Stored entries

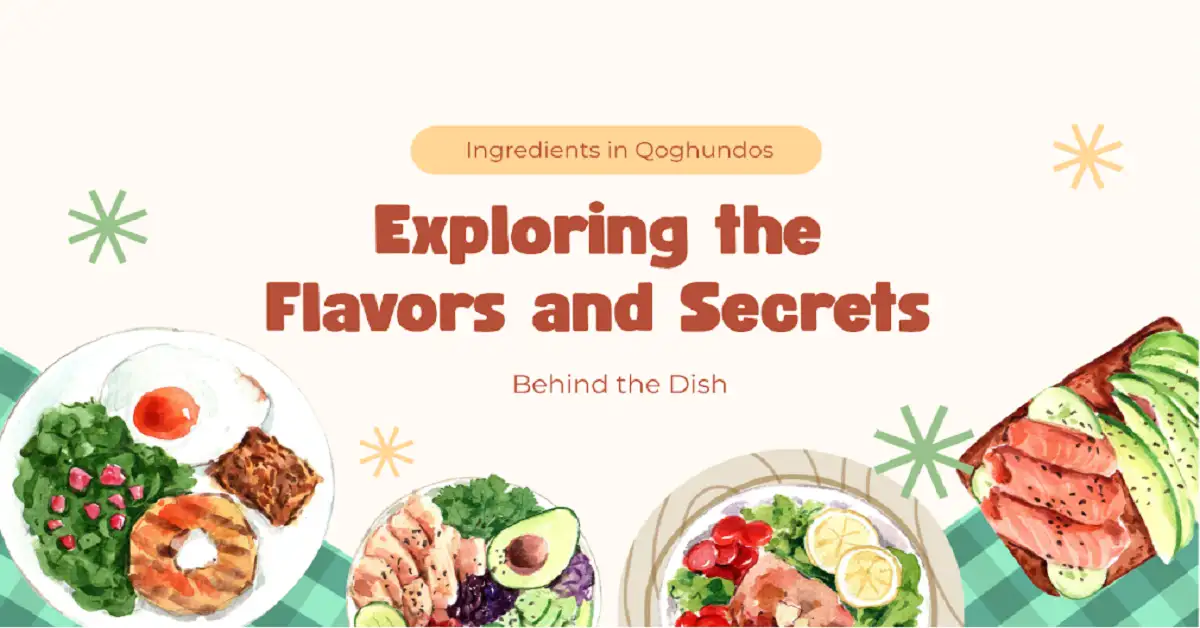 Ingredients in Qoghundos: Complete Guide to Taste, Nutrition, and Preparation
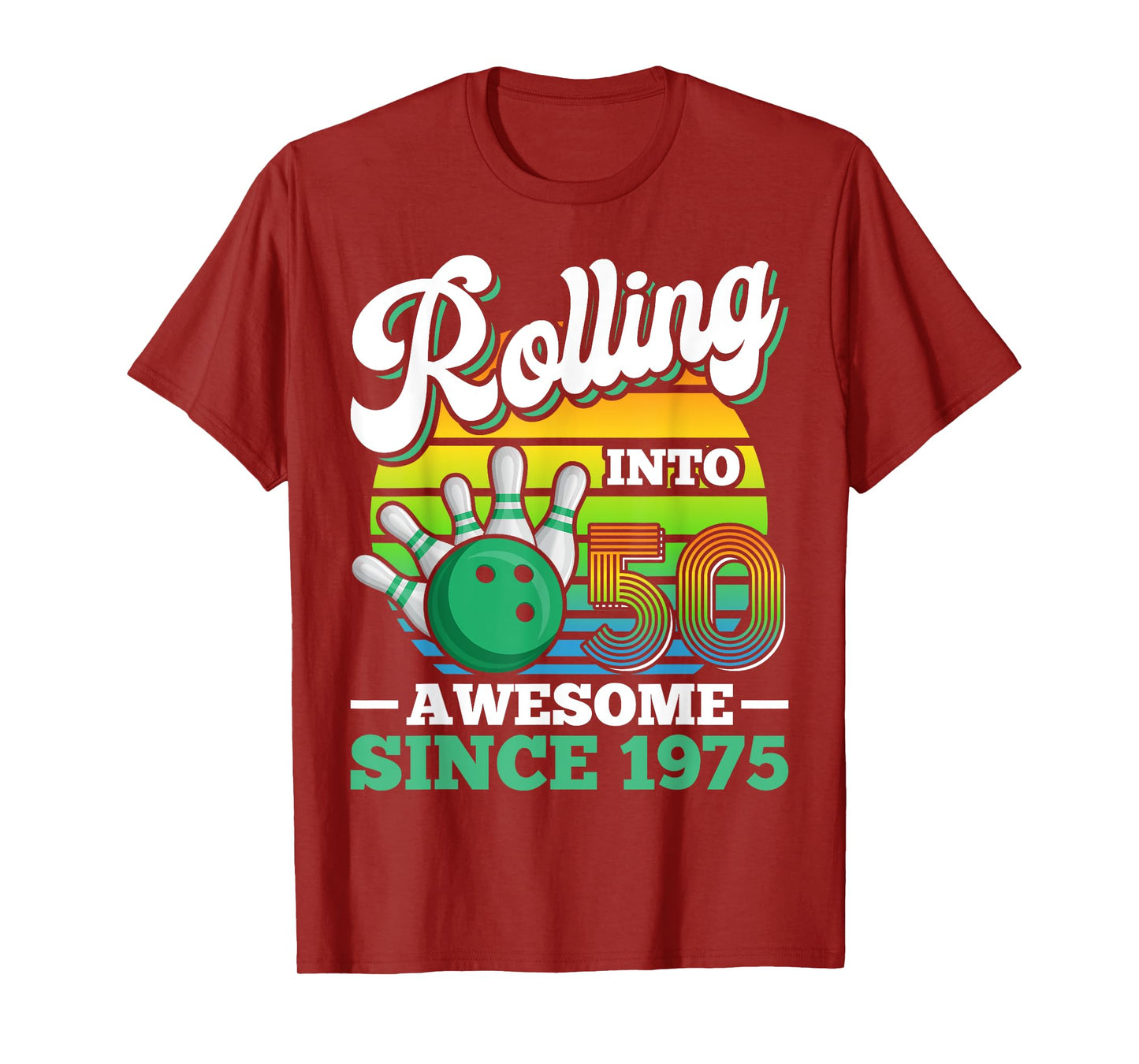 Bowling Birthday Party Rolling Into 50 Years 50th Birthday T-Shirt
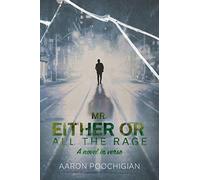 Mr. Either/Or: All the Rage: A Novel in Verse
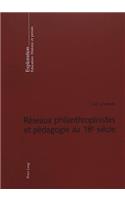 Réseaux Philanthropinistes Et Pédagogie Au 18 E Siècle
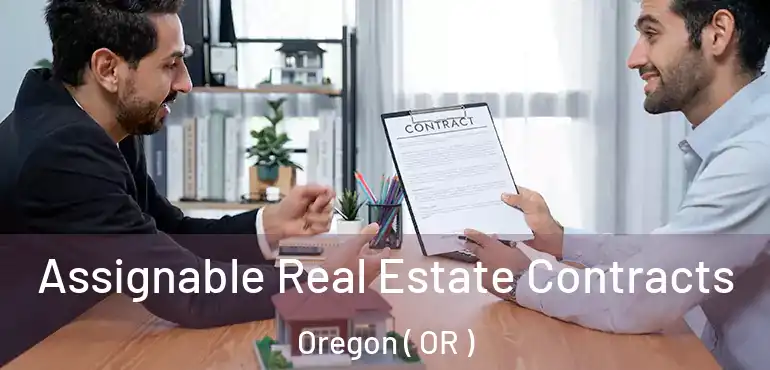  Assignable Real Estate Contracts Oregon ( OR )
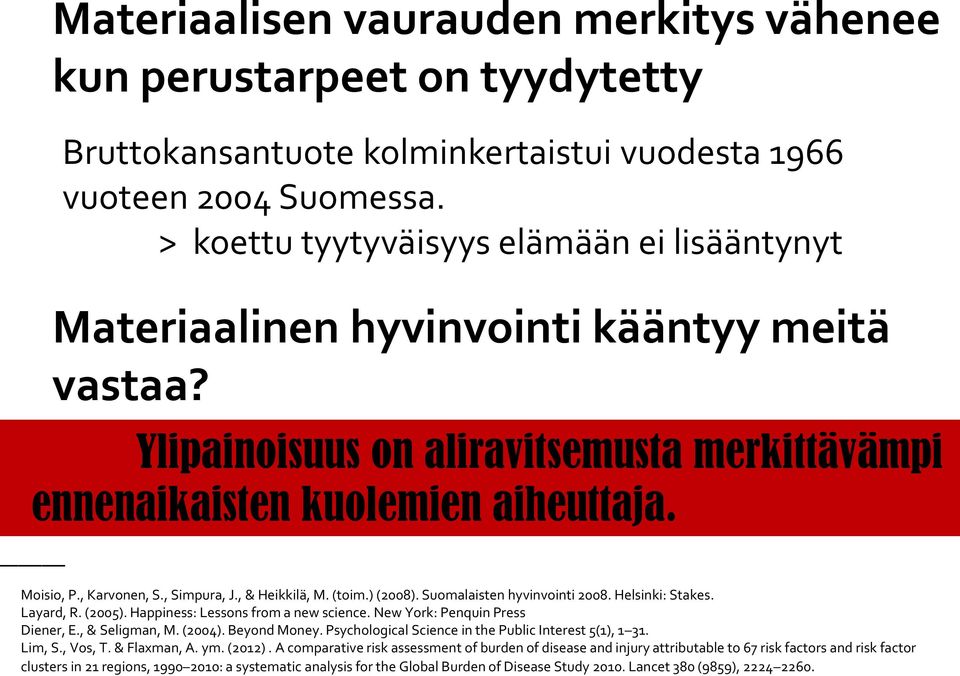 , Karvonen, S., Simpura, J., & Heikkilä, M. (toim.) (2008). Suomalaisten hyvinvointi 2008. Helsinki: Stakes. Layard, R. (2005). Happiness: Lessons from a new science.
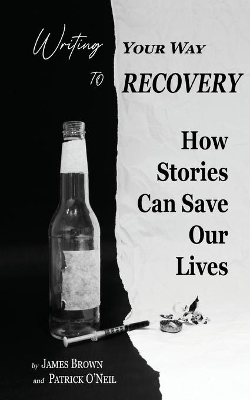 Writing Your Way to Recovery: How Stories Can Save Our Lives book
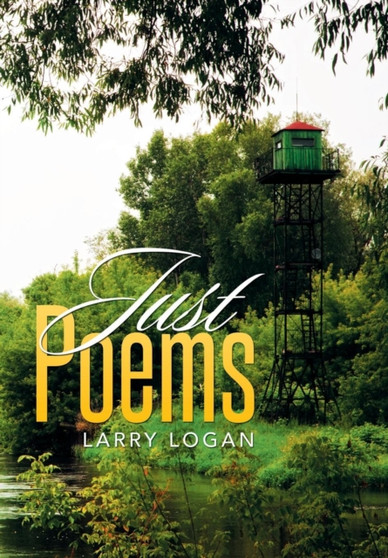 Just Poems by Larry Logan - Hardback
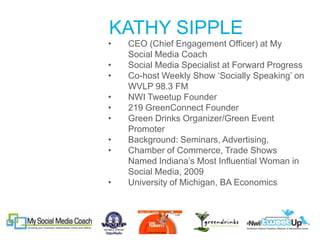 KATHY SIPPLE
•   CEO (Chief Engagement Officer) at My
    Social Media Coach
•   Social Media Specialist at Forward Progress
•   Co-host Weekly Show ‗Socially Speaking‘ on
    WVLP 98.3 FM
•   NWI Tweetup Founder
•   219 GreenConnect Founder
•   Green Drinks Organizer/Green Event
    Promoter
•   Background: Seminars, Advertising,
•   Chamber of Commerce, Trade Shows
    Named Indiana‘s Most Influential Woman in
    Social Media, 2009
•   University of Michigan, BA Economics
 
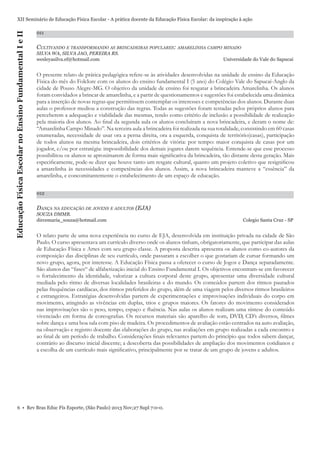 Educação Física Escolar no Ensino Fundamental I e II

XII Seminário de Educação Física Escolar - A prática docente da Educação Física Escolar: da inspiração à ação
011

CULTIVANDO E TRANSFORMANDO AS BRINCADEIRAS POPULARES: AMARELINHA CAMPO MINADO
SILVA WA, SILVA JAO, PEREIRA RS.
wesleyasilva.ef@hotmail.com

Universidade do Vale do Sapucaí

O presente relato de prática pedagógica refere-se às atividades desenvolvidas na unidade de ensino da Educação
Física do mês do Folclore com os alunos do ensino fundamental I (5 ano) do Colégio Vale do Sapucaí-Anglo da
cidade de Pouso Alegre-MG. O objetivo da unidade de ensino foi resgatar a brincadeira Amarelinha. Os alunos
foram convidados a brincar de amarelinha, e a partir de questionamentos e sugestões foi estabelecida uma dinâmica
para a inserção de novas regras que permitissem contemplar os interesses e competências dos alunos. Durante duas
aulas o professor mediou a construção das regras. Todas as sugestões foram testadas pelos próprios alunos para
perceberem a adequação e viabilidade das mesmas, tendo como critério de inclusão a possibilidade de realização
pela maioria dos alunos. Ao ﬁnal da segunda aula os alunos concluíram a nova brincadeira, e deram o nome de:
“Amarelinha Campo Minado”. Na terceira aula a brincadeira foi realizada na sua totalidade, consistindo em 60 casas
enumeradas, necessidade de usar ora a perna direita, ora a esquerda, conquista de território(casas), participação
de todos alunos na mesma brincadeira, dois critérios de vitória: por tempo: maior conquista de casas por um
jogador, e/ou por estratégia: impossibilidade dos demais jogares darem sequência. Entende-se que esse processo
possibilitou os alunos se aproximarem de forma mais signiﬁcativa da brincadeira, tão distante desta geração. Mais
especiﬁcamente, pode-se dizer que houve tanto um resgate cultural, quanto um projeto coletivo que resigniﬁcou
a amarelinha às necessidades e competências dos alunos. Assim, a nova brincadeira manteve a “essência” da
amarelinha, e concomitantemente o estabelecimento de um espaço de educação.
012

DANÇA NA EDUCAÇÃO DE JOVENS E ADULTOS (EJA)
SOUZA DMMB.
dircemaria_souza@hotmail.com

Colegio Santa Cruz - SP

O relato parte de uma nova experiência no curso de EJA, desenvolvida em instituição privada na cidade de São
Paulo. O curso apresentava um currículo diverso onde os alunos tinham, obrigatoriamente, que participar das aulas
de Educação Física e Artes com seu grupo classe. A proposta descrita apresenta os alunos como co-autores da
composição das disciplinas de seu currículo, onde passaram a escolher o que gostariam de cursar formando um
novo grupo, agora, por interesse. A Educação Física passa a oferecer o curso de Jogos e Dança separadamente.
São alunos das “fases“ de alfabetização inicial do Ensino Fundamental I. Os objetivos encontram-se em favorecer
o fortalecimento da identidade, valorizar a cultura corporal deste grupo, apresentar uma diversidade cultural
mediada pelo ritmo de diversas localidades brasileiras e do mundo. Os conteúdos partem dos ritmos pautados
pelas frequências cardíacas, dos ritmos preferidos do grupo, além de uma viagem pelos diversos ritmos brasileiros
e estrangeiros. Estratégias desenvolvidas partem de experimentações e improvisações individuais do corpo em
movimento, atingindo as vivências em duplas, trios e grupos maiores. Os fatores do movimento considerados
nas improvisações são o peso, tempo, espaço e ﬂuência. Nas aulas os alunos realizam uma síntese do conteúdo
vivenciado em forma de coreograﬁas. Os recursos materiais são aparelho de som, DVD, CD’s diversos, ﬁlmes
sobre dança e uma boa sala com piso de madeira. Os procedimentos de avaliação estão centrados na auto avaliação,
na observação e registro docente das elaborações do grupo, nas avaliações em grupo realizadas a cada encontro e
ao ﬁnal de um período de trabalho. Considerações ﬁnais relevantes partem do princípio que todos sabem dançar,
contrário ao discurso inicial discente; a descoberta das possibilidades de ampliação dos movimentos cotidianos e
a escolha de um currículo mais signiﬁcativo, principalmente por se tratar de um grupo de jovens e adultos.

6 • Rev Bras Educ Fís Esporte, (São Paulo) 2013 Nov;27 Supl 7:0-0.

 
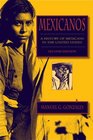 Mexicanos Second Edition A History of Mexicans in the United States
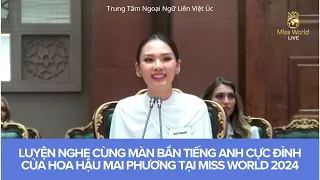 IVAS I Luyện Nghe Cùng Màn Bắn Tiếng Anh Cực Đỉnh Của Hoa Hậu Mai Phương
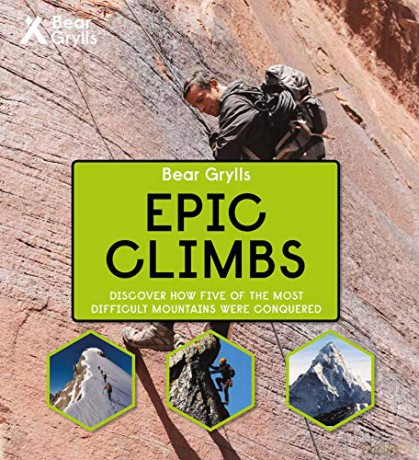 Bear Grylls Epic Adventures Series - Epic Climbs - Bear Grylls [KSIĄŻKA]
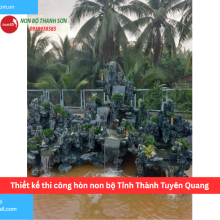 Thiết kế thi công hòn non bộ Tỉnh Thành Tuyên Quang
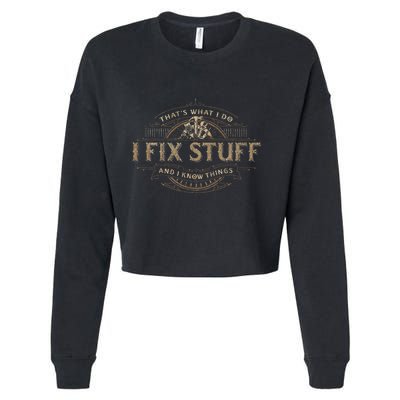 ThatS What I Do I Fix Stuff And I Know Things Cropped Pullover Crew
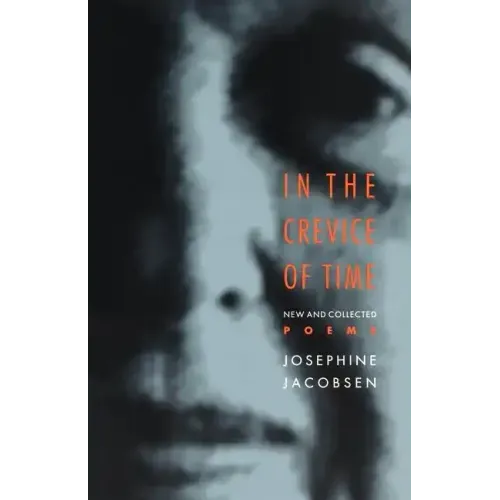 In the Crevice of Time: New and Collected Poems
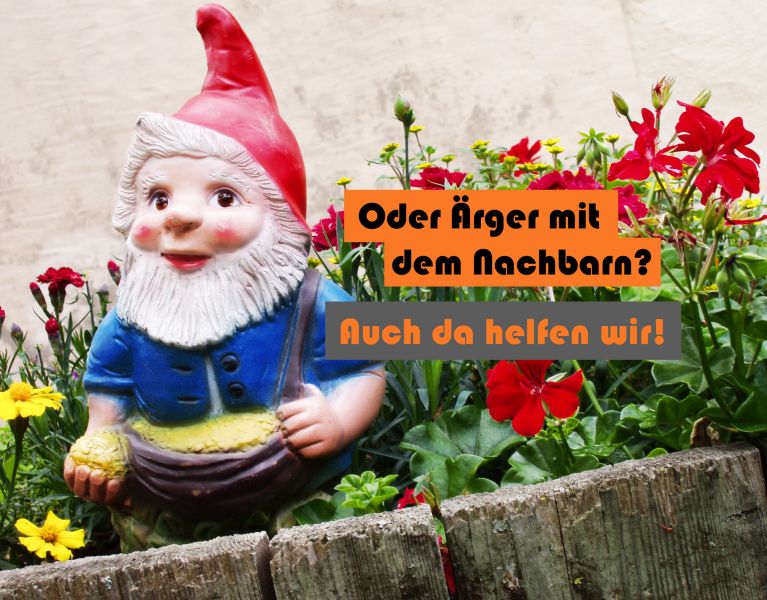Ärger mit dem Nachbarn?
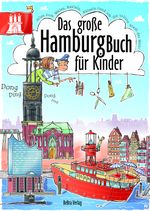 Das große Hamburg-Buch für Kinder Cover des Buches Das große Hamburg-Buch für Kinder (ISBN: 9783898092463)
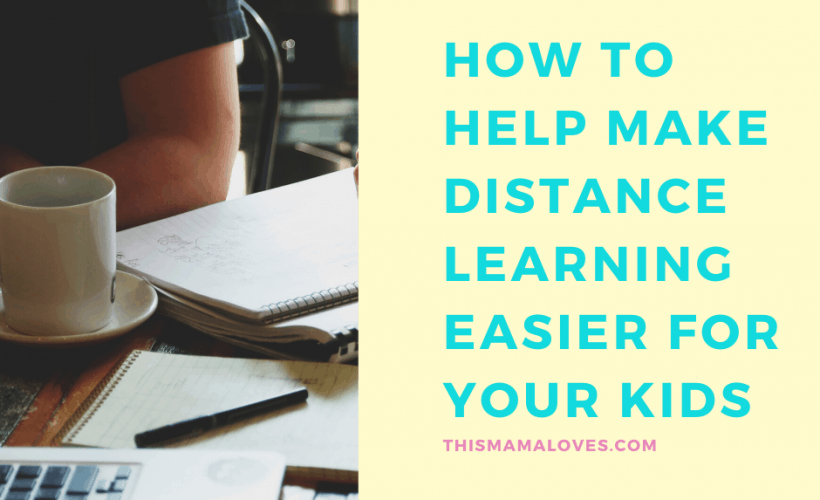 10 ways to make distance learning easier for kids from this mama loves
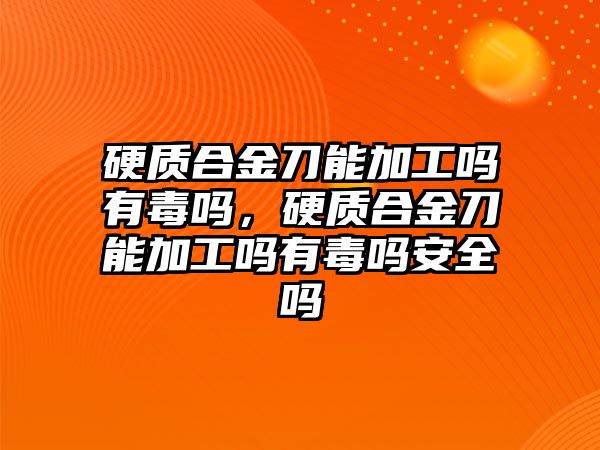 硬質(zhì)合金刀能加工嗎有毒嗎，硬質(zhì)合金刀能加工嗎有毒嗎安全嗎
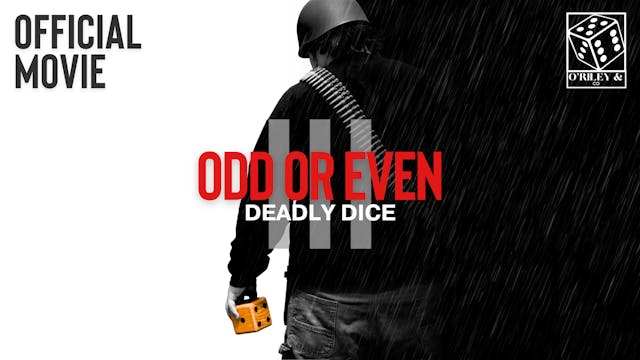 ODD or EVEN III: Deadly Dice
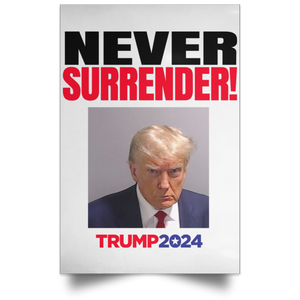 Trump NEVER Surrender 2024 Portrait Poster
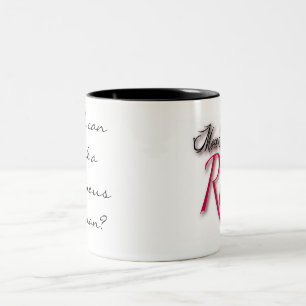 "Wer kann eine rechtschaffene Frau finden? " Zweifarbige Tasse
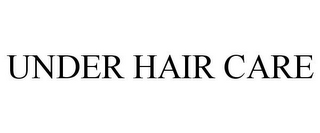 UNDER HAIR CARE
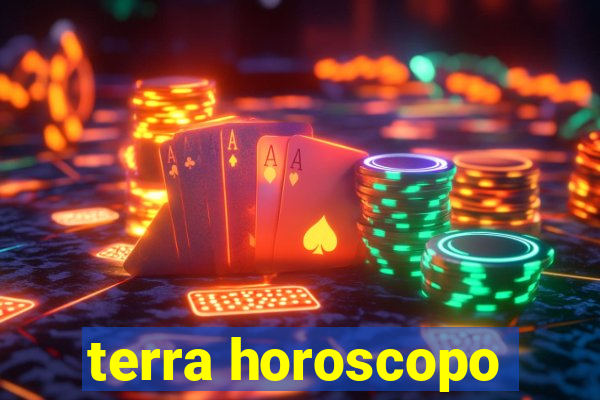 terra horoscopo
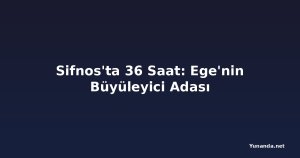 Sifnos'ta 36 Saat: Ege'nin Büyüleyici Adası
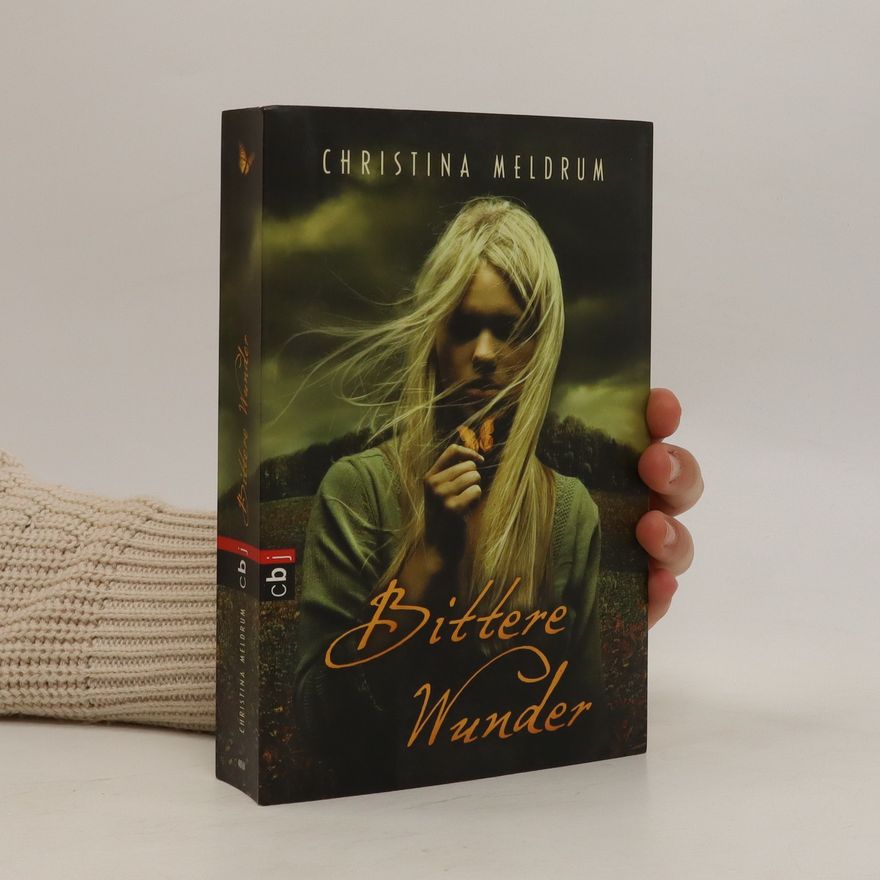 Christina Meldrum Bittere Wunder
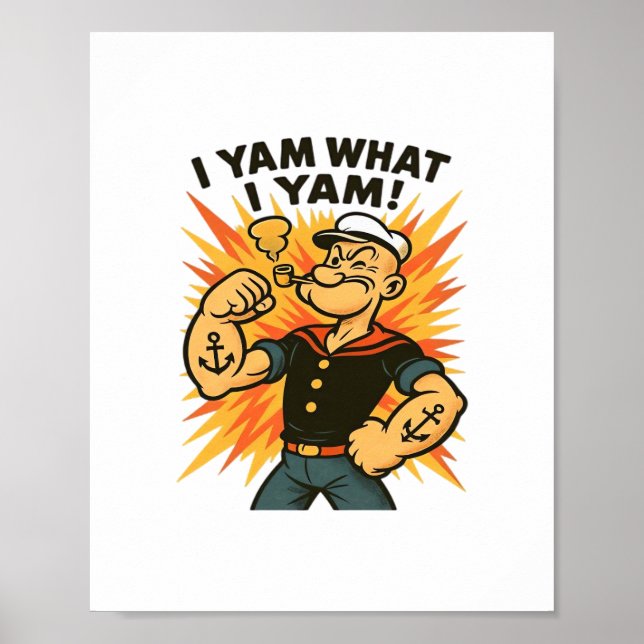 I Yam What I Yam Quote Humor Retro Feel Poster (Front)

Problem details -> Only the lines above from the one with "em 60 casas" through the one with "composição das disciplinas" should be duplicated, character for character.

Solution ->
“Amarelinha Campo Minado”. Na terceira aula a brincadeira foi realizada na sua totalidade, consistindo em 60 casas
enumeradas, necessidade de usar ora a perna direita, ora a esquerda, conquista de território(casas), participação
de todos alunos na mesma brincadeira, dois critérios de vitória: por tempo: maior conquista de casas por um
jogador, e/ou por estratégia: impossibilidade dos demais jogares darem sequência. Entende-se que esse processo
possibilitou os alunos se aproximarem de forma mais signiﬁcativa da brincadeira, tão distante desta geração. Mais
especiﬁcamente, pode-se dizer que houve tanto um resgate cultural, quanto um projeto coletivo que resigniﬁcou
a amarelinha às necessidades e competências dos alunos. Assim, a nova brincadeira manteve a “essência” da
amarelinha, e concomitantemente o estabelecimento de um espaço de educação.
012

DANÇA NA EDUCAÇÃO DE JOVENS E ADULTOS (EJA)
SOUZA DMMB.
dircemaria_souza@hotmail.com

Colegio Santa Cruz - SP

O relato parte de uma nova experiência no curso de EJA, desenvolvida em instituição privada na cidade de São
Paulo. O curso apresentava um currículo diverso onde os alunos tinham, obrigatoriamente, que participar das aulas
de Educação Física e Artes com seu grupo classe. A proposta descrita apresenta os alunos como co-autores da
composição das disciplinas de seu currículo, onde passaram a escolher o que gostariam de cursar formando um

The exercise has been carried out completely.